In "Faculty," director Jerrold Tarog focused on college teacher/activist Joan (Che Ramos) who resigned from her post after one of her students figured in an accident while attending a rally. At the end of the film, Joan declared that she's going to teach high school, thus, "Senior Year," where we see her teaching at a private institution.
Set in the fictional St. Frederick's Academy, "a Catholic school of distinction in Alabang, Muntinlupa" on the year 2010, "Senior Year" now follows the lives of classmates Sofia (Rossanne de Boda), Briggs (Daniel Lumain), Bridget (Mary Lojo), Solenn (Nikita Conwi), Stephanie (Sheila Bulanhagui), Bunda (Francez Bunda), Carlo (Daniel Medrana), Henry (Aaron Balana), Mitch (Celina Peñaflorida) and Chito (Eric Marquez) as they struggle through the last four months of high school.

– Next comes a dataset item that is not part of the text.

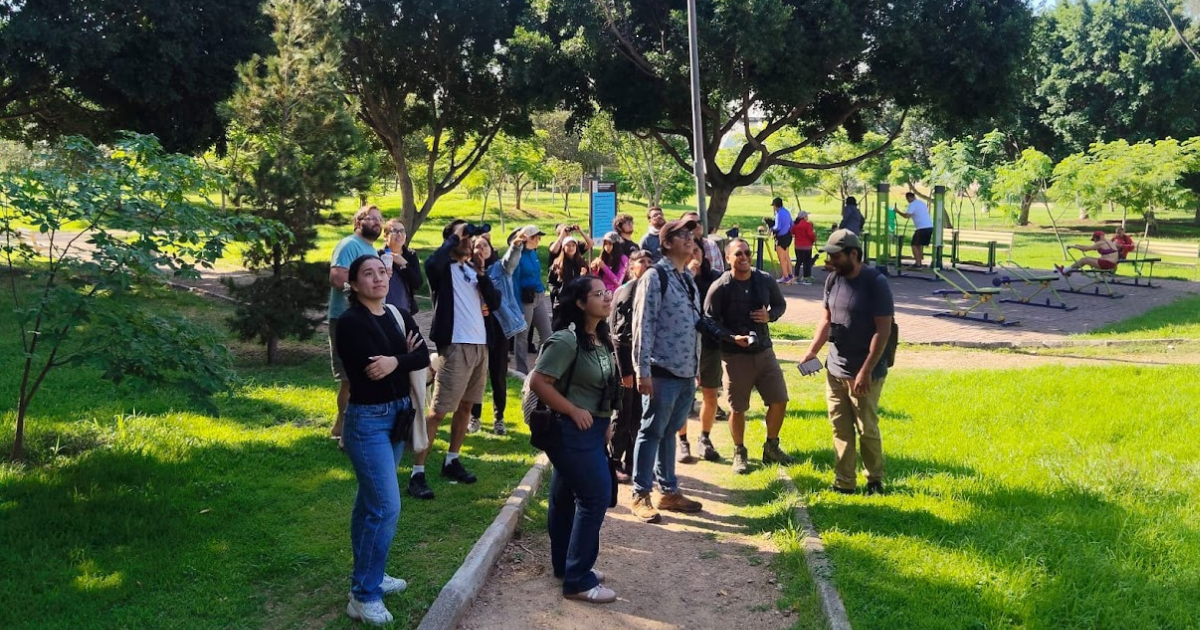 Parque Cárcamos sorprende con avistamiento de aves y confirma su riqueza en biodiversidad urbana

All connected to one another in some ways, these students are portrayed dealing with personal issues aside from academics. Interspersed with clips of their future selves on the day of their 10th year reunion, their fates after high school are slowly revealed.
Initially one may think, upon hearing about "Senior Year," that it would be just like any other movie that has already come out in the past. After years of being sensitized to the overly dramatic and unrealistic plots of such, that mindset can't be helped.

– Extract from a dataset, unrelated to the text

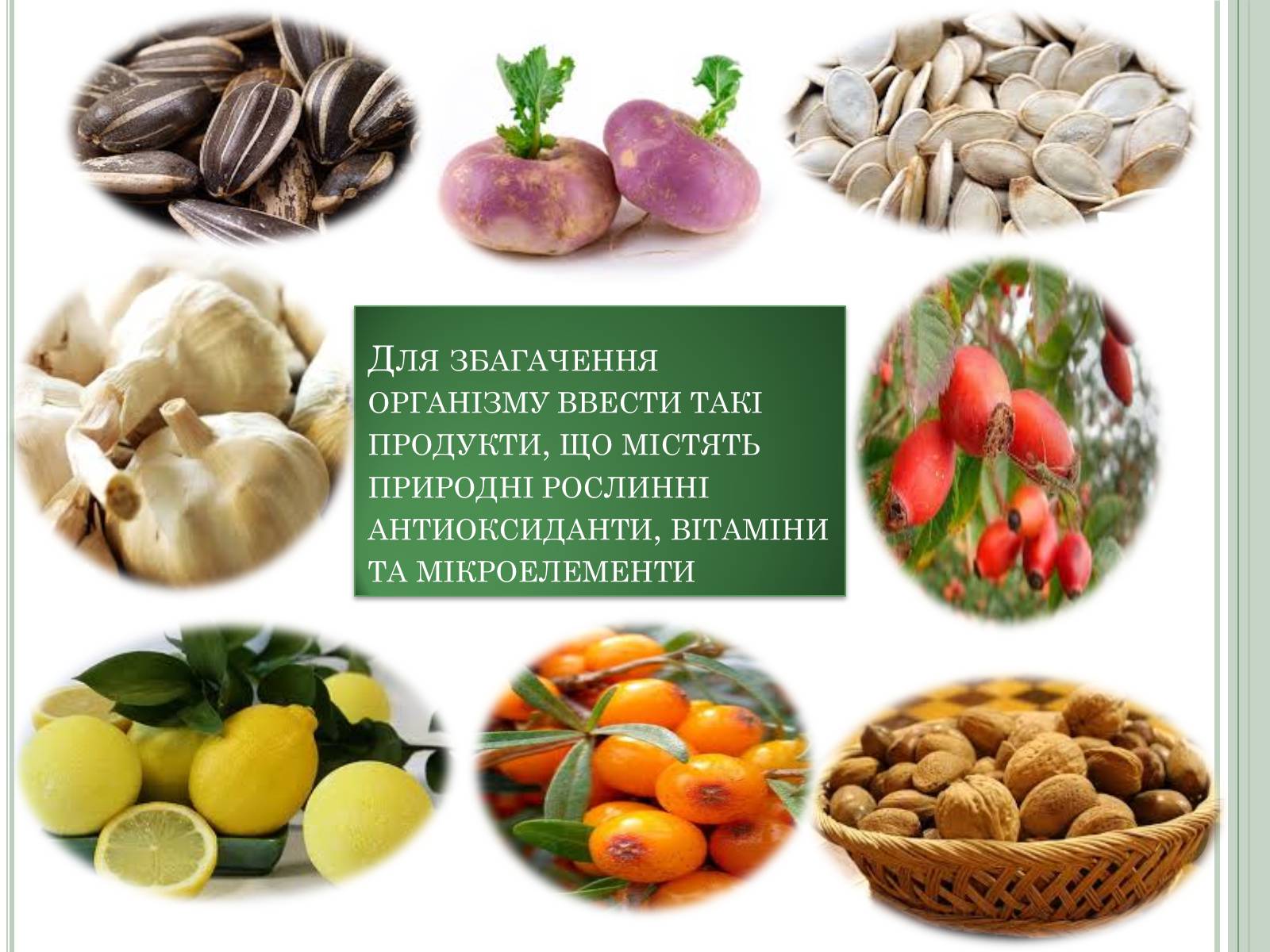 Презентація на тему «Нітратні добрива в продукції СГ» - Слайд #17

Perhaps the best thing about this film is that everything about it, from beginning up to the very end, is very realistic. The storyline perfectly captures the typical Filipino high school experience. A lot of people who either have gone or are still going through high school will surely be able to relate to the triumphs and worries of the students of St. Frederick's.
The mix of professional actors who acted out the students' future selves (Arnold Reyes, Ina Feleo and RJ Ledesma) blended well with the amateur actors who portrayed the students. It's also good that the way everyone acted on the film made it seem like they're comfortable with what they're doing, as if the camera on their faces didn't bother them at all. The young actors not being "too pretty" undeniably contributed to the film's "normal" feel as well.
Ramos effectively portrayed the high school teacher who's a friend to her students. She was able to deliver her lines freely, as if she's a teacher in real life. On the other hand, the cameo appearance by Ramon Bautista as the school's PE teacher was short but still memorable due to his witty lines.
The dialogue all throughout the film was just right, sounding exactly like how 16-year old kids talk to one another. Thankfully, the characters did not blurt out epic lines on life and love and only stuck to simple dialogues. But that's not to say that "Senior Year" did not impart little nuggets of wisdom because it did, most especially about change.
In sum, "Senior Year" succeeded in translating to the big screen what typical senior year students face during the final months of high school. Every issue, from keeping relationships afloat to identity crises, was tackled in the movie without overdoing it. After all, they're just 16-year old students who aren't "wise" to the world yet, and are still in the process of getting to know themselves.